Purpose: This vector adds a Glutathione-S-transferase (GST) purification tag that allows proteins to be purified by binding to glutathione. The GST tag will be positioned at the 3’ end (C-terminus) of a gene (expressed protein) in the primary MCS (NotI-XbaI, but XbaI is ablated in this vector). The positioning of the GST tag coding sequence is such that the BsgI and BseRI restriction sites will cleave immediately upstream of the GST tag coding sequence and produce a TA overhang. When any of our other plasmids that contain a  gene in the main multiple cloning site (reporter genes etc) are also cut with either BsgI or BseRI these sites will also produce TA overhang but in these plasmids the overhang will be within the stop codon of the gene. We position all of our genes in this way in the main MCS. This allows the GST tag and gene of interest to be ligated together and form a fusion protein using a single ligation step, and adding no additional nucleotides. This is possible because in this plasmid the TA overhang is followed by a C residue, creating at TAC codon, replacing the TAG stop codon that stops translation of all of the genes we insert into our main MCS. Using this system allows us to sell wild-type gene sequences that are terminated correctly, but then allow you to fuse any of our fusion proteins or tags by cleaving within the genes stop codon.

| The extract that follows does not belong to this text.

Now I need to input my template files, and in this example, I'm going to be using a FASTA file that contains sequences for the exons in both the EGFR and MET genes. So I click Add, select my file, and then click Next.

Quality Validation: This vector has been demonstrated to express reporter genes to high levels under the CMV promoter with a GST tag fused to the C-terminus of the reporter gene. The presence of the GST tag reduced the activity of the reporter gene by approximately 5-fold, although this appeared to be due to the length of the tag rather than its sequence, because other tags of similar sizes cause an equal reduction. The start codon of these reporters was positioned within the NcoI site and the stop codon was positioned at the end of the GST tag. Expression was validated in the A549 lung carcinoma cell line.   
Quality Sequencing Analysis: This vector has been fully sequenced using primers F1-F10. The details and sequences of these primers are available through our website.

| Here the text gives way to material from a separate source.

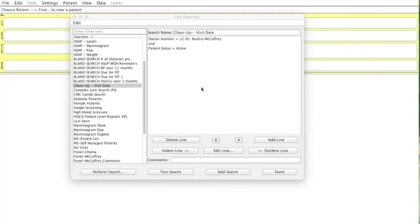In this video, I'll show you a cleanup search that you can use to clean up your patient panel. It looks for all patients that haven't been in within the last three years, and we'll show you how to sort that list by next visit date so that you can clean up only the patients that haven't been in for three years and also don't have a future appointment booked.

Genetic Modifications to standard parts: 
•    CMV promoter – an NcoI site has been ablated in the CMV promoter. This change does not reduce expression. 
•    KanR cassette – This KanR resistance region is not a wild type sequence, it has been modified to remove all restriction sites that conflict with the SnapFast system and to retain a high level of antibiotic resistance. It has been validated in E.coli.
•    The GST tag has been optimised to remove all restriction sites that conflict with the SnapFastTM system. These changes conserve the amino acid sequence of the original protein. 

Restriction site notes: 
•    Bgl2, KpnI, SwaI and PmeI each cut the vector at two sites positioned to flank the promoter, start codon, origin, and KanR, respectively. 
•    BsgI and BseRI recognise non-palindromic DNA sequences and cleave distal from their recognition sites.